According to a new report by the Chartered Institute of Internal Auditors (IIA), leading internal auditors in the financial services sector are being brought in earlier to assess whether risks are being properly evaluated in major strategic events such as product launches, major investments and mergers and acquisitions. This strengthened role for internal audit in helping boards to challenge management decisions is also being championed by the financial services regulators.
These internal auditors are seeing their sphere of influence and the value they deliver within their organisations transformed, as regulators focus ever more intensely on the management of risk, of which internal audit forms a vital part.
These are among the key findings in a research report entitled “Building Effective Internal Audit: Putting the Pieces Together” published by the IIA. The research is based on a series of interviews with Heads of Internal Audit in a variety of financial services firms, and also incorporates comments from the regulators. The interviews were designed to identify good practice following the introduction of the IIA’s new Financial Services Code last year.
Dr Ian Peters, Chief Executive of the Chartered Institute for Internal Auditors (IIA) says: “The feedback we have received is that the role of internal audit is now seen by the regulators as a key indicator of the good governance of risk.
“Leading firms appear to be stepping up accordingly, particularly since the introduction of our new Code last year. Heads of Internal Audit have been able to use this as a valuable driver for change. These examples of good practice should serve as a wake-up call for firms both in financial services and beyond.”
The IIA’s research suggests that the best internal audit teams are seeing the scope of their remit expanding and working practices changing. Leading firms are increasingly bringing internal audit in to advise on the M&A process and other significant strategic events at an early stage, in order to challenge or provide assurance on how risks are managed in key transactions before they are made. Dr Peters says: “As M&A activity picks up after the recession, internal auditors are making an essential contribution to success by helping to stress-test decisions, and ensuring that risks posed by major corporate events are being properly addressed and managed.
“Our research suggests that internal audit is moving towards taking a “risk-based” approach rather than a cycle-based one as was the norm before, and focussing on outcomes instead of processes. In the financial services sector this has accelerated since the introduction of the IIA Code. Internal auditors are now better positioned to focus on the bigger picture, taking a more active role in advising on strategic business activity, rather than getting lost in the weeds.”
Dr Peters says: “The reporting line for Internal Audit is a crucial indication of how independent the internal audit function is of the executive, and therefore how effectively it can support the board’s role in challenging management. Regulators are now more likely to consider the position and effectiveness of internal audit in their assessment of how well risks are being managed. They will want to see whether it has the access it needs to the key decision makers and whether it holds enough sway at senior levels to have a positive impact.

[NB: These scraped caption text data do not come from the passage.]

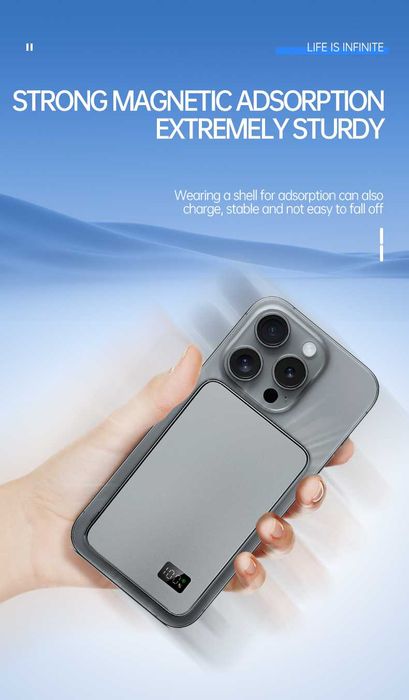 5000mAh Power Bank PD20W,Magsafe 15W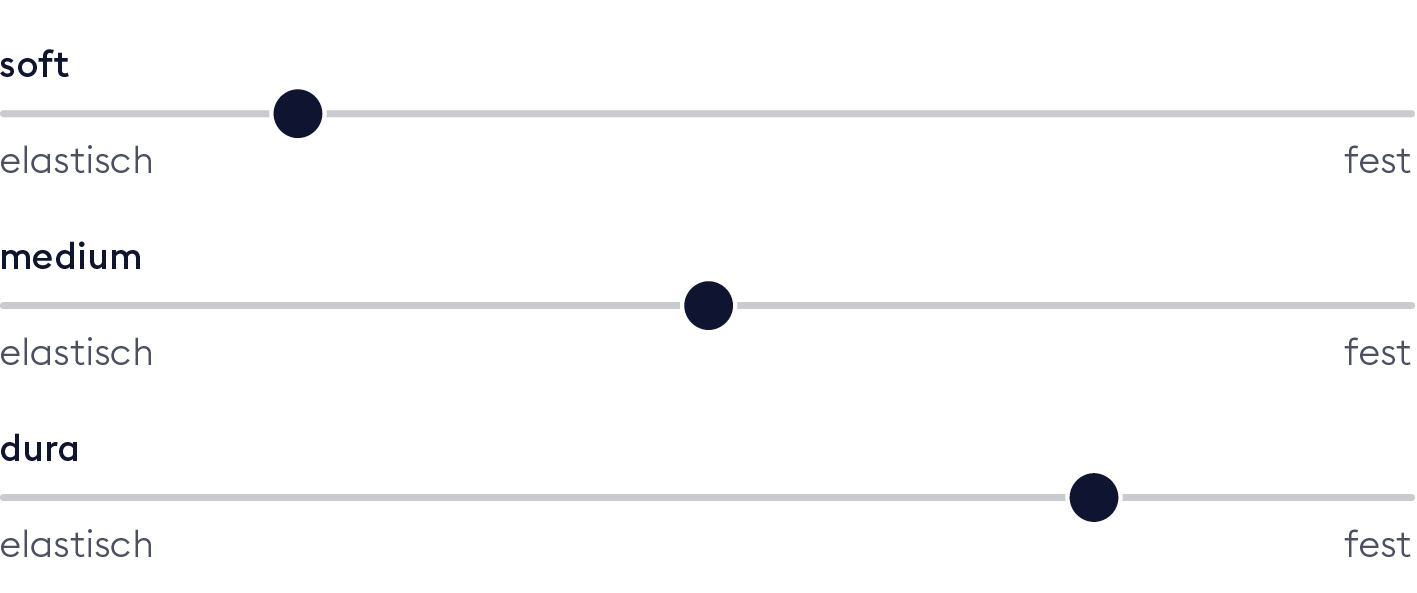 Härtegrad IsabelleLuxe TFK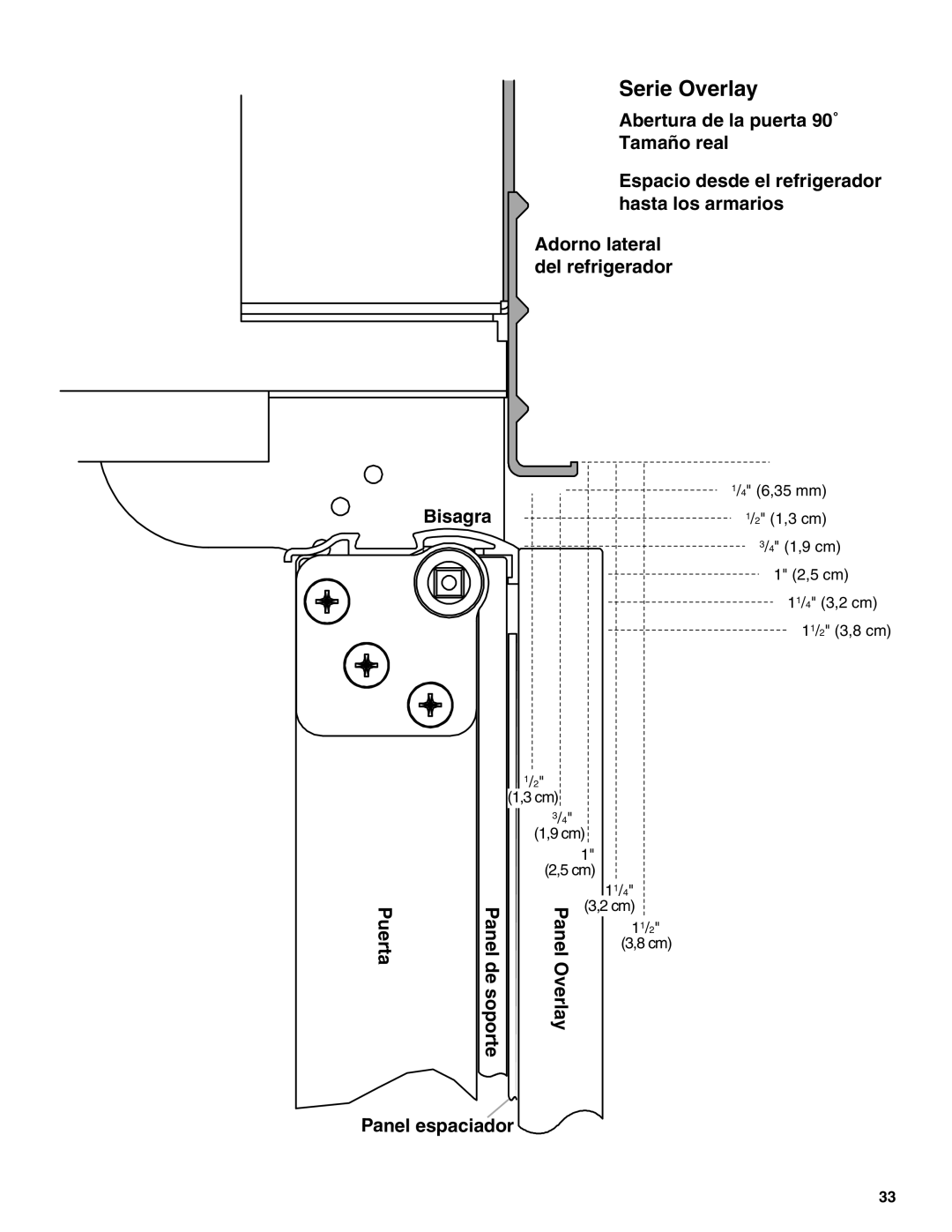 KitchenAid 2309069A, KSSC36QMS manual Serie Overlay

“The regulators are also looking at how strategic decisions are made to see whether boards, supported by internal audit, are challenging management effectively. Where the role of internal audit is not in line with the Code’s guidelines, firms will need to be prepared to explain to the regulator why they believe their approach is right for their particular circumstances.”
Dr Peters points out that although the Code and the new report were specifically drawn up to look at the role of internal audit in the financial services sector, they also have wider implications for business as a whole. “Our report has made significant headway in identifying common issues as well as examples of how firms are making internal audit work for them.
“The financial sector is not the only one to suffer from major scandals in recent years, and the good practices being introduced as a result of the IIA’s Code can help strengthen governance and risk management elsewhere, such as in the public sector, health, manufacturing and retail. Many of the lessons learned and the good practice currently being developed in financial services around engagement and support, as well as independence and objectivity, will be equally applicable and valuable in a general business context.”